What I thought about is to use compound key (BIGINT) as primary key that takes into account both the user ID (INT) and a Counter for the specific user.In the URL put the `USERNAME_ID (INT)` and append the TOTAL_NUMBER_OF_BOXES which I save in the table (how many boxes the user have - need to make a select first to get that number before insert) to that number at the end. I will use this number in the URL, for example:

    http://mywebsite.com/boxes/214748364723

2147483647 is the user Id (auto incremented in the table) and 23 is the total number of boxes (INT).

When I read the URL, I extract the number and query the BOX table by that number.

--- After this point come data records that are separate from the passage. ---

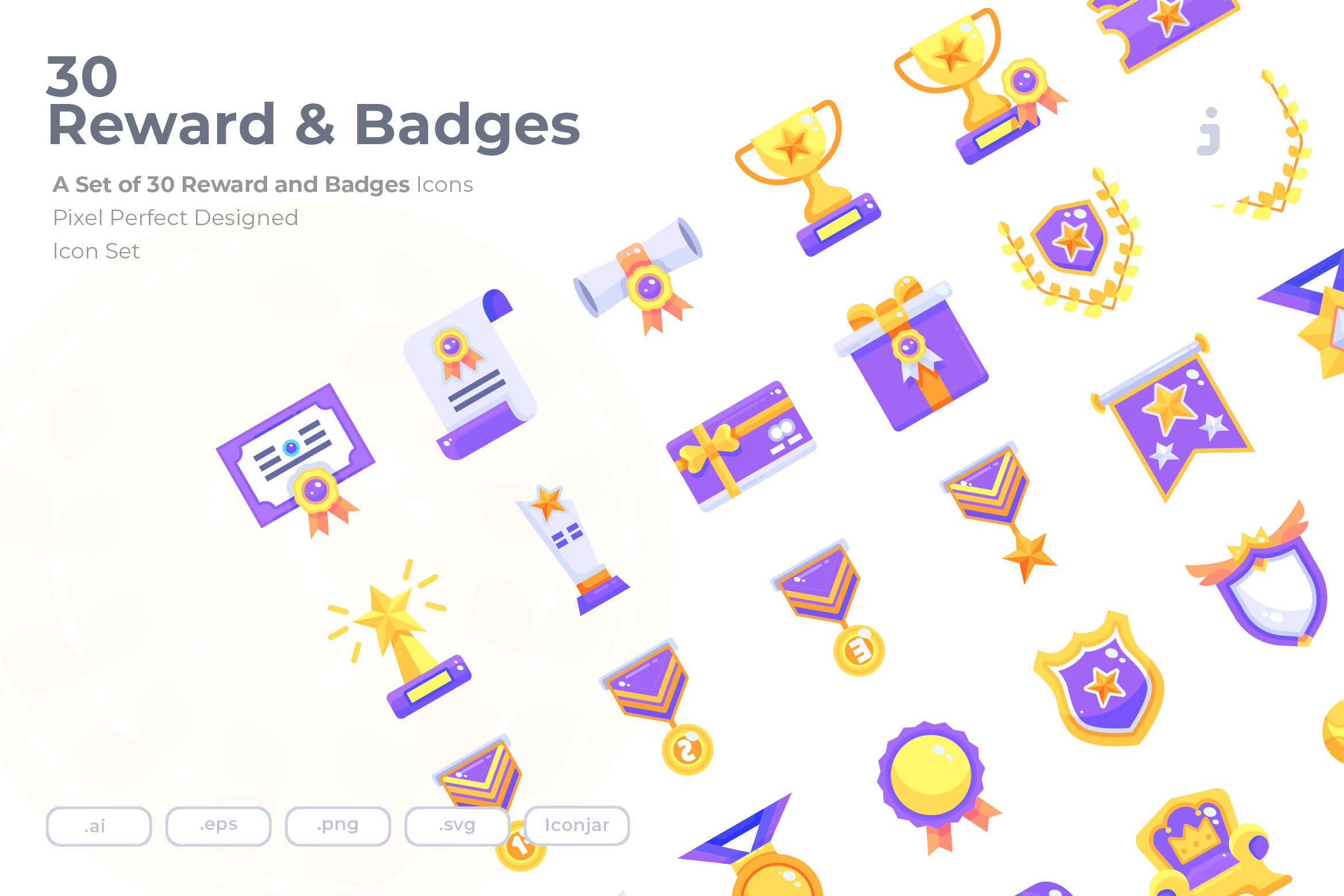  30个奖励和徽章图标30 Reward & Badges Icons Flat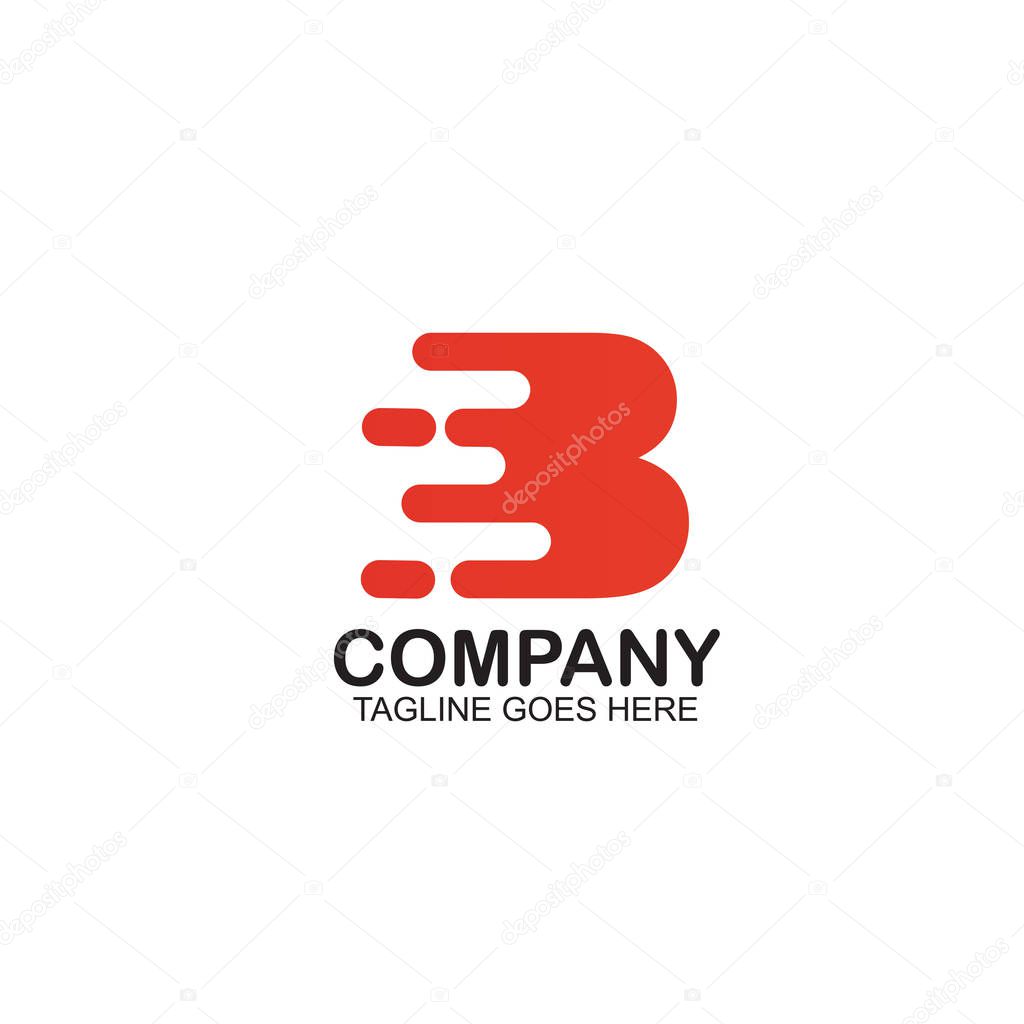 B Motion letter logo design vector template ilustration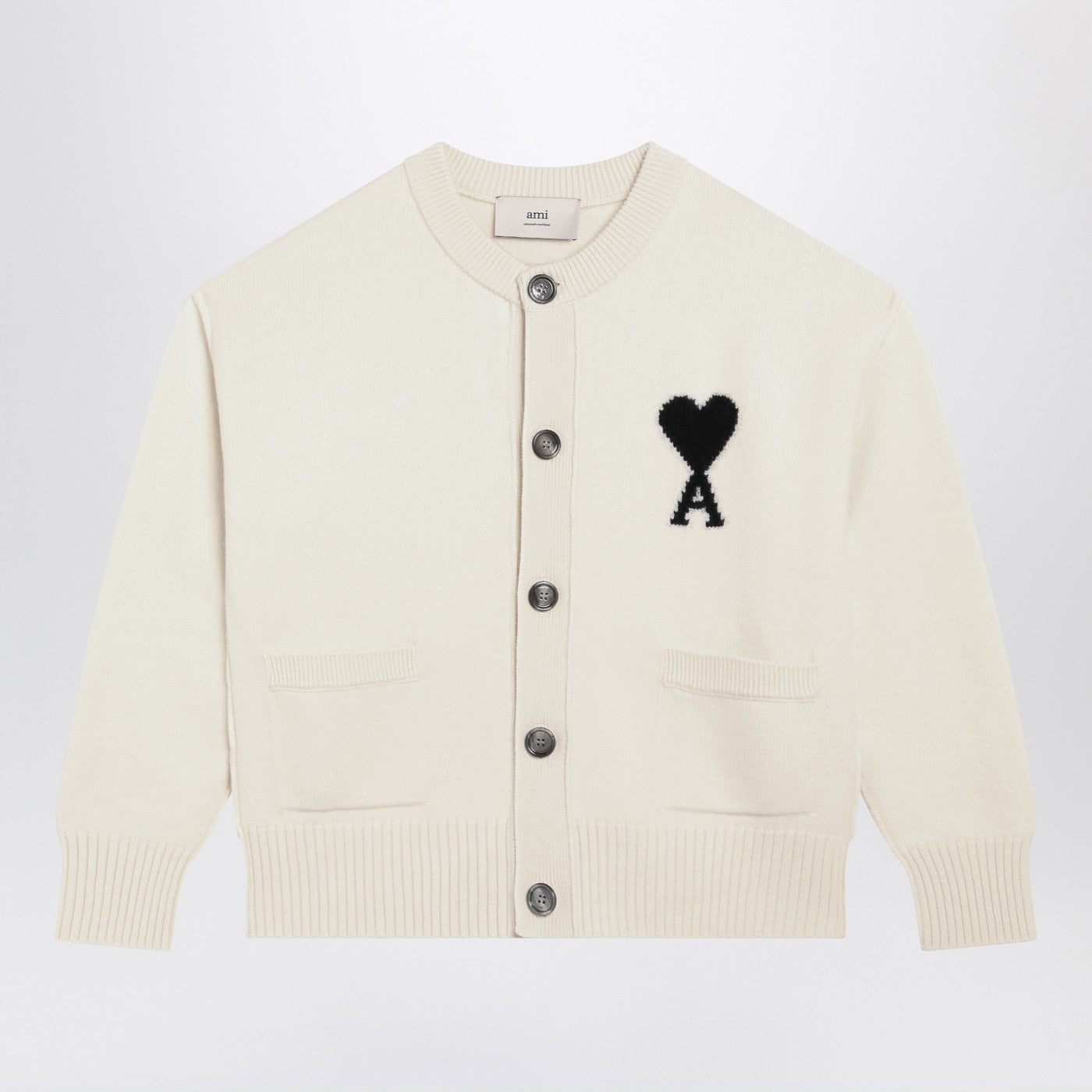 Ami Ami Paris White Ami De Coeur Cardigan - Image 1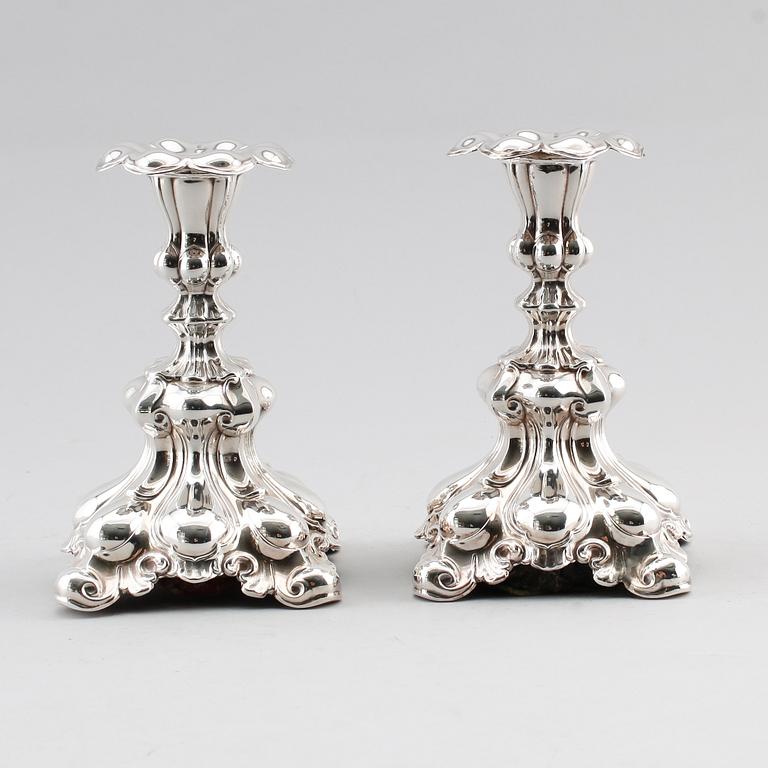 LJUSSTAKAR, 1 par, silver, CG Hallberg, Stockholm 1954.
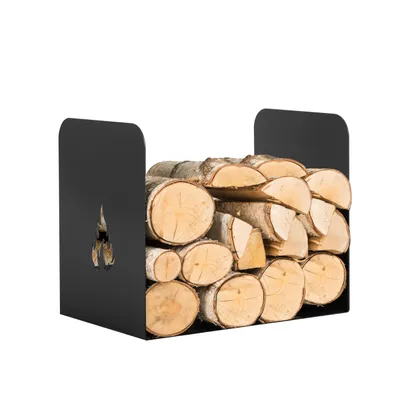 Produktbild von GARDIVO Kaminholzregal für innen und außen, WandMontage kaminholzregal, Wandregal , Brennholzregal Metall, Schwarz, pulverbeschichtet rostfrei modern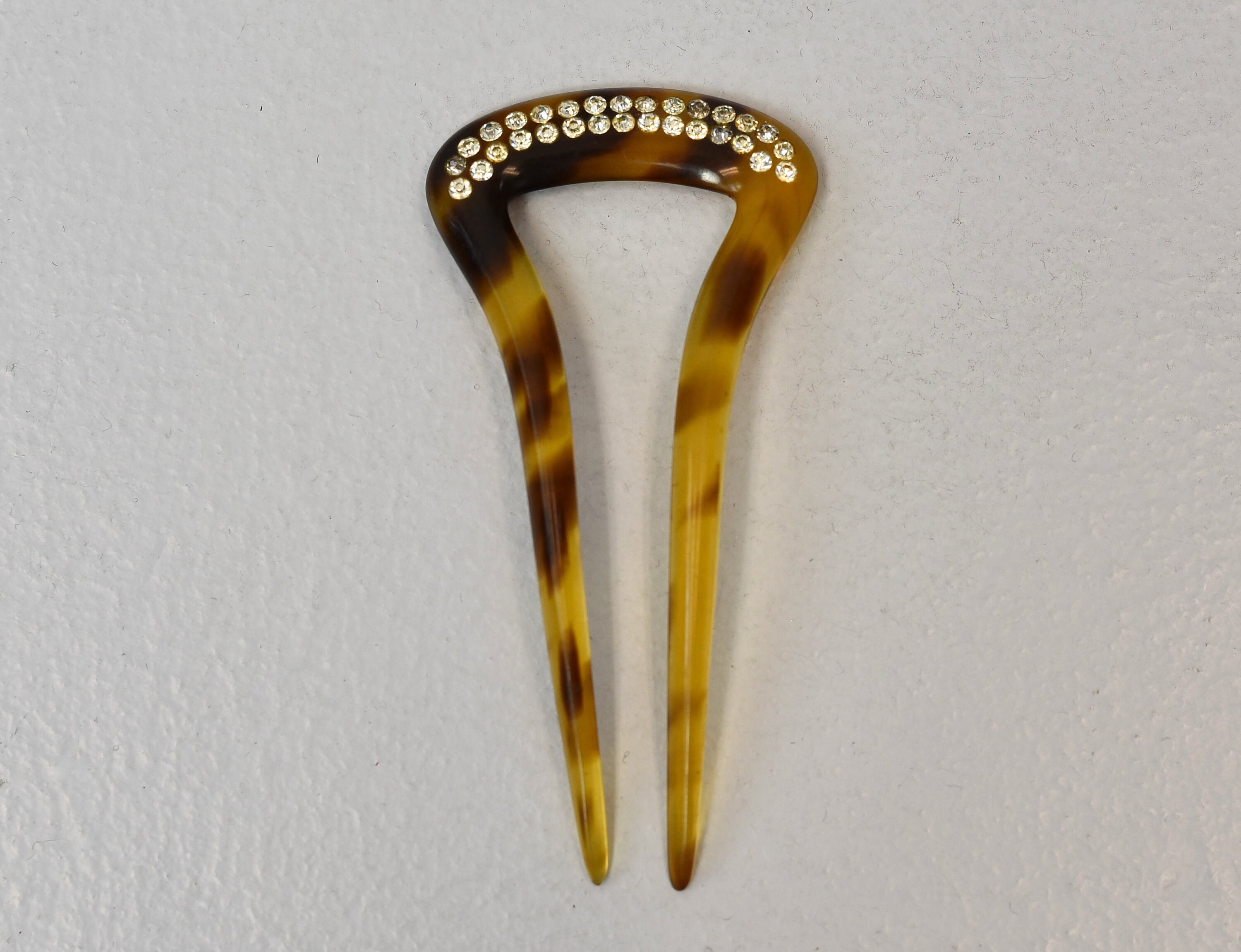 Antique Victorian 1800s/1900s Rhinestone Celluloid U Shaped Decorative Hair Pin Accessory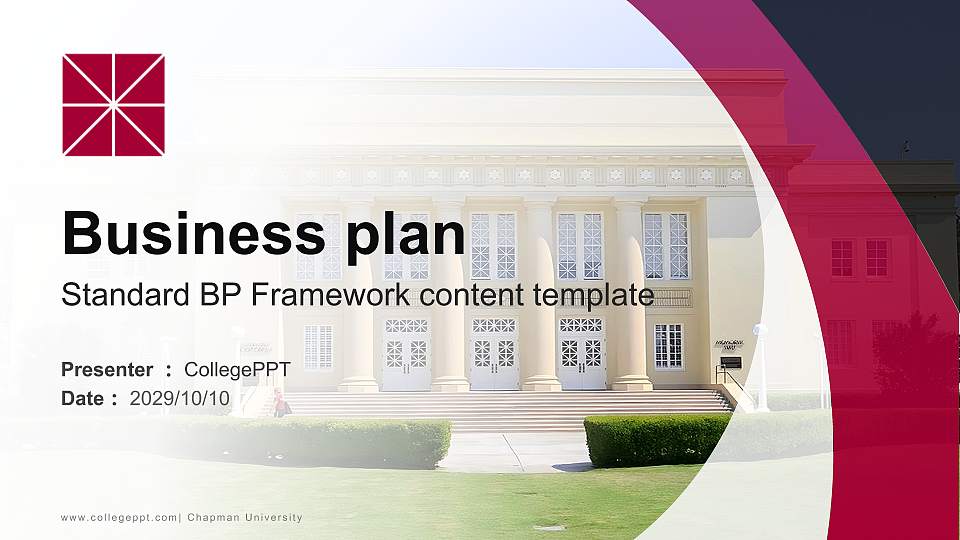 Chapman University Competition/Entrepreneurship Contest PPT Template16:9 ratio PPT effect preview image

What I'm trying to achieve is to use numerical BigInt primary keys, making them unique and take advantage of some of the cumulative user data that I store in the user's for that.

I wanted to know what do you think of such solution. **Another option** is create that number not as primary key, but as a regular columns with index. So I can use GUID as the primary key, but query the data based on other numerical value which I use in the URL.

So my main focus is to find a solution that will help me scale the database later on by using non auto-incremental fields, use GUID instead, not rely on internal clock (invites problems), but at the same time create a URL with numerical values instead of characters that I can extract and query the database using that data.

I want to here your opinion about that and any suggestions or improvements will be welcomes.

I wanted to use a numerical BigInt sequential id like using uuid_short(), but I am afraid of relying on the internal clock to generate and Id.

My application will be hosted on Amazon EC2 and I use MYSQL with ASP.NET 4.5. Thanks.